KM 14. Tumbang
Baru saja Tiana hendak duduk ketika suara Abyan memanggilnya dari ruangan kerja. Tiana melepaskan tas lantas masuk ke ruangan Abyan.
“Pak, tumben pagi-pagi sekali sudah sampai kantor.”
Abyan berkacak pinggang. “Kenapa memangnya? Enggak boleh?”
Dalam hati, Tiana mengutuk dirinya sendiri karena berbasa-basi. “Maaf, Pak.”
“Setiap saat minta maaf melulu, enggak bosen?

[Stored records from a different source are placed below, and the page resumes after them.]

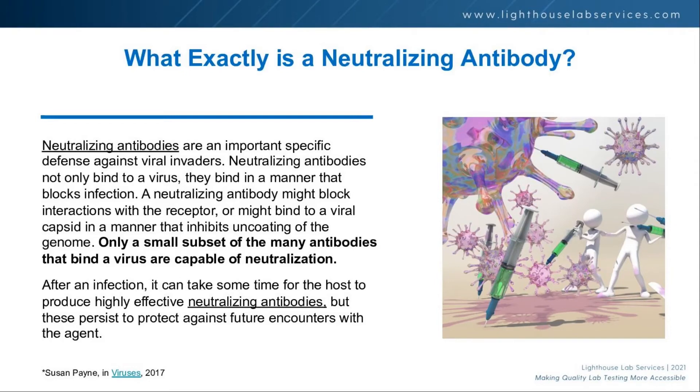So what exactly is a neutralizing antibody? We hear a lot about antibody testing — why are neutralizing antibodies any different? Most of the testing we've seen, most kits and tests on the market, are traditional antibody tests. A neutralizing antibody is an important, specific defense against viral invaders — neutralizing antibodies not only bind, but they bind in a manner to block. Only a small subset of antibodies are actually neutralizing. People assume that testing positive for antibodies correlates highly to being immune or having resistance, but that's not necessarily the case.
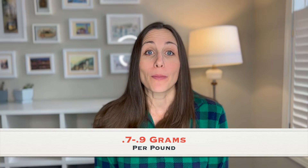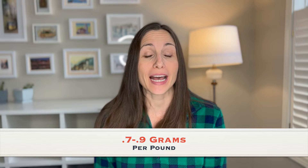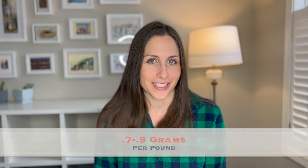Let's talk about protein for a PCOS diet. About 0.7 to 0.9 grams of protein per pound of body weight is a good amount of protein for any PCOS diet. So that means you take your body weight in pounds — let's say you weigh 200 pounds — and you multiply that times 0.7 to 0.9. That's going to give you a basic range of what's good for you right now.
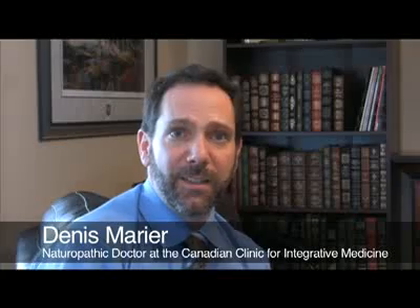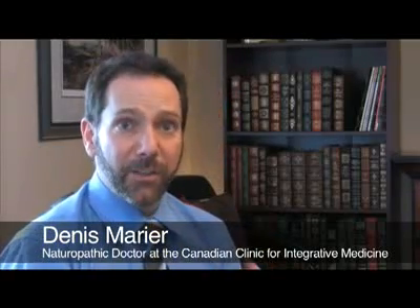Vitamin C is an all-natural cancer treatment. It's specific towards cancer cells. If we can get it in the blood at a concentration that's high enough for it to become a pro-oxidant, which means that it creates hydrogen peroxide and oxidation specifically in cancer cells.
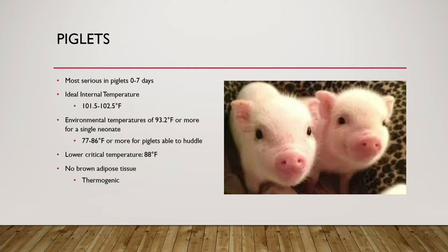With piglets, hypothermia is most dangerous in piglets zero to seven days old. Their ideal internal temperature is around 101.5 to 102.5°F, and they need an environmental temperature of around 93.25°F when alone. If several can huddle together, you can go lower to 77–86°F, but the lower critical temperature for a single piglet is 88°F. Piglets are especially vulnerable because they have no brown adipose tissue — the thermogenic cells used to produce heat.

Jam sembilan nanti akan ada presentasi dengan Elastika Prima—”
“Elastika Prima? Bukankah jadwal presentasi dengan mereka ada di minggu depan?” potong Tiana.
“Kita enggak punya waktu untuk membahas hal itu dan saya ingatkan sekali lagi kalau saya enggak suka kamu potong ucapan saya.”

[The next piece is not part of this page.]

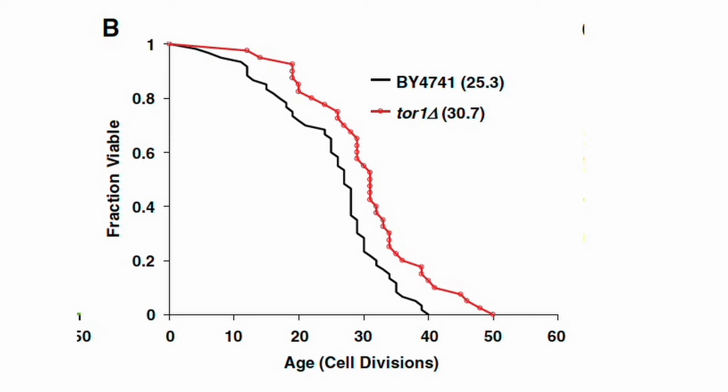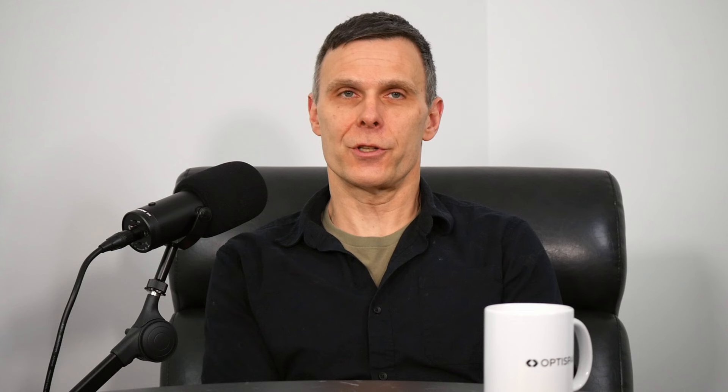We started randomly going through the deletion collection using a scheme where we started with five cells for each strain, then based on median lifespan and distribution, we probabilistically determined if we should look at more cells. Things that looked interesting — with a hint they were long-lived — we'd examine up to about 20 cells. If still promising, we'd go further and validate through a variety of methods. I think one of the lessons here is don't be afraid of hard work, as long as it's smart work. And we got really lucky: the TOR1 deletion mutant happened to be in the first five sets of plates we looked at, and it was long-lived.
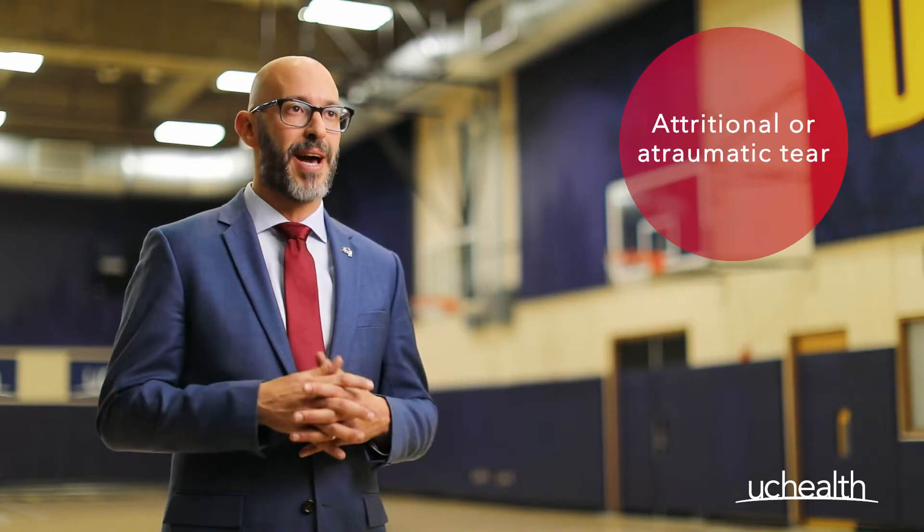There are essentially two groups of rotator cuff tears. One is a tear that results from our normal aging process. Many patients don't feel pain with this type of tear, so we call them attritional or atraumatic type tears.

Tiana menelan ludah. “Baik, Pak, maaf, Pak.”
“Siapkan jamuan untuk mereka, kue dan makan siang. Kemungkinan ada empat orang termasuk Pak Juan yang akan mewakili Elastika Prima. Siapkan dengan baik. Nilai proyek dengan mereka cukup besar, saya enggak mau ada kesalahan bodoh bersumber dari keteledoran kamu.”
“Baik, Pak.” Tiana yang sudah berjalan menuju ambang pintu kembali berbalik mendekati Abyan. “Pak, materi presentasinya bagaimana? Saya—”
“Periksa email kamu. Cetak masing-masing materi delapan rangkap. Minta bantuan staf lain,” potong Abyan.
“Baik, Pak.”
“Ingat Tiana, jangan sampai ada kesalahan.”
Tiana mengangguk dengan mantap. “Baik, Pak.”
***
Sebagai atasan, Abyan memang menyebalkan. Malah sangat menyebalkan, tetapi Tiana harus mengakui lelaki itu memang menguasai pekerjaannya dengan sangat baik. Wajar kalau diusianya yang terbilang muda, Abyan sudah menduduki jabatan penting di kantor.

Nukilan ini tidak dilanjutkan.